To do: Using the listing below, output only the lines from the one that contains "New Pamono Napoleon" through the one that contains "Blocs de Construction", inclusive, exactly as given and without images.
++++ Records shown ++++
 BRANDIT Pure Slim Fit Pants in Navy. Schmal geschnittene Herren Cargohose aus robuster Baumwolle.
++++
++++ Records shown ++++
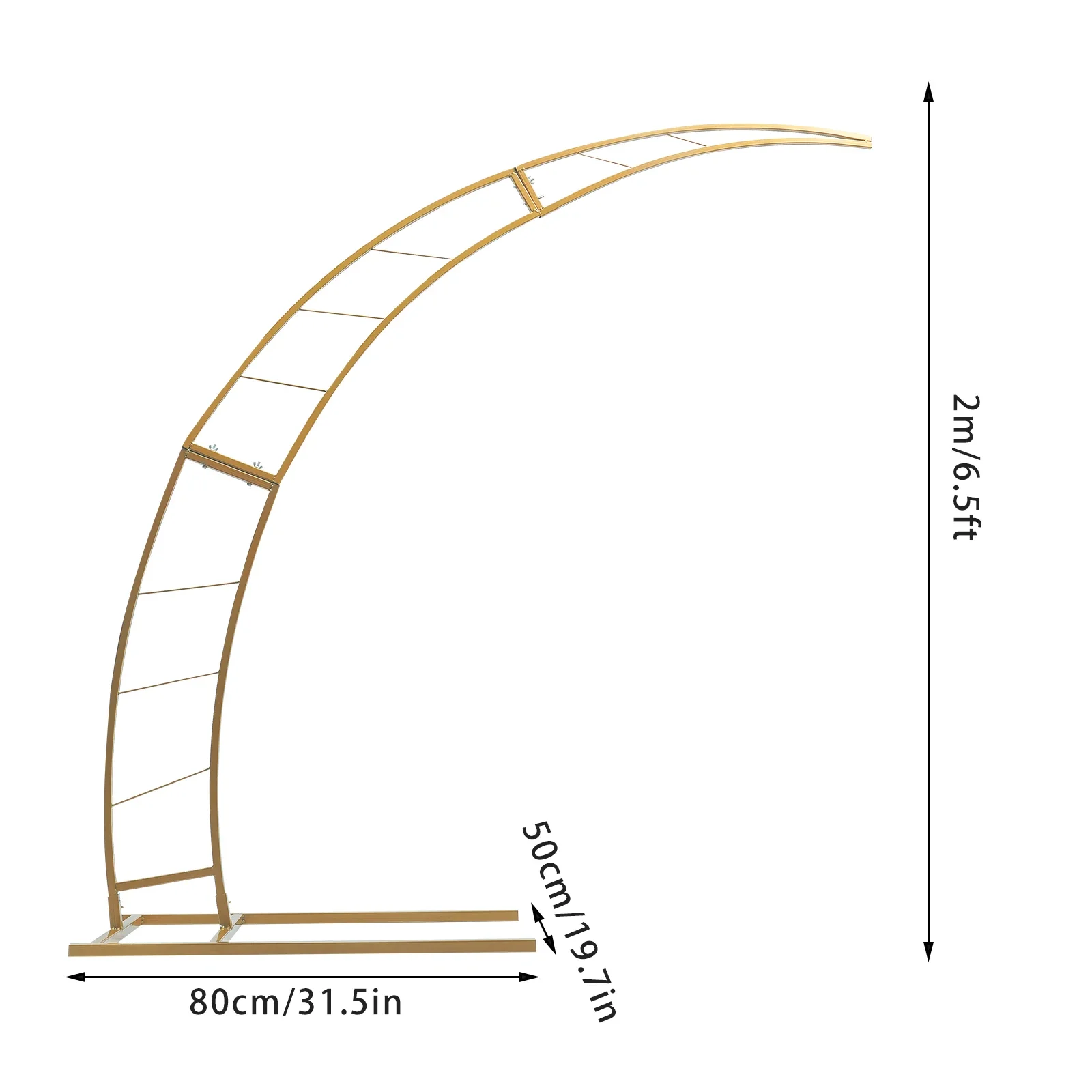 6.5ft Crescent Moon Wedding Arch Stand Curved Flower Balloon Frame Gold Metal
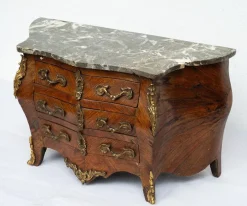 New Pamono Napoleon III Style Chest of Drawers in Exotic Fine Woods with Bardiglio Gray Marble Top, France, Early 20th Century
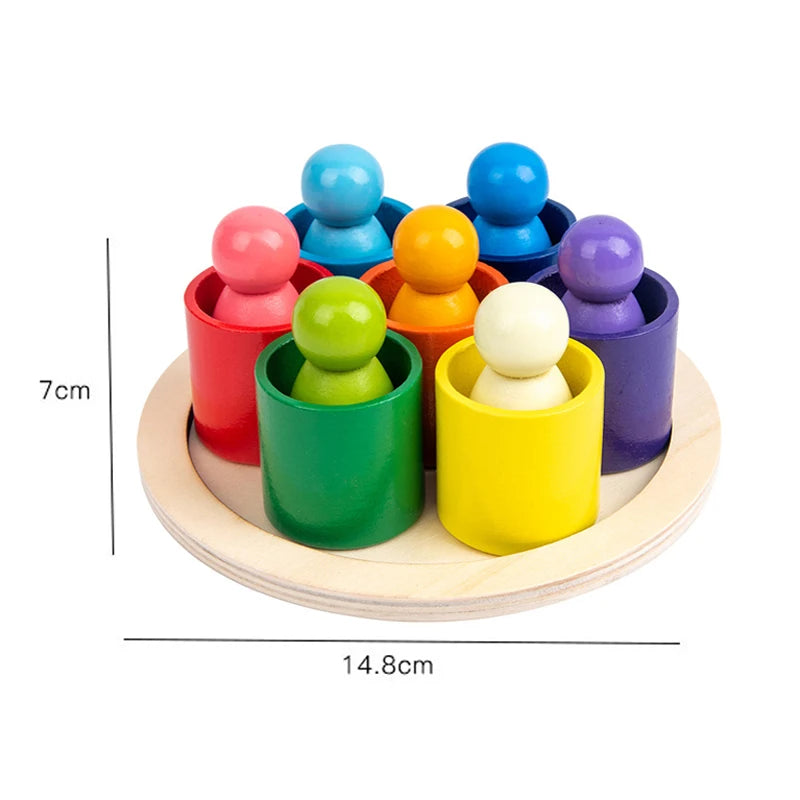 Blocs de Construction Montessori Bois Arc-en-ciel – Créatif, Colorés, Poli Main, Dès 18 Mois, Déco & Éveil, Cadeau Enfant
++++
Finished exercise:
 New Pamono Napoleon III Style Chest of Drawers in Exotic Fine Woods with Bardiglio Gray Marble Top, France, Early 20th Century
 Blocs de Construction Montessori Bois Arc-en-ciel – Créatif, Colorés, Poli Main, Dès 18 Mois, Déco & Éveil, Cadeau Enfant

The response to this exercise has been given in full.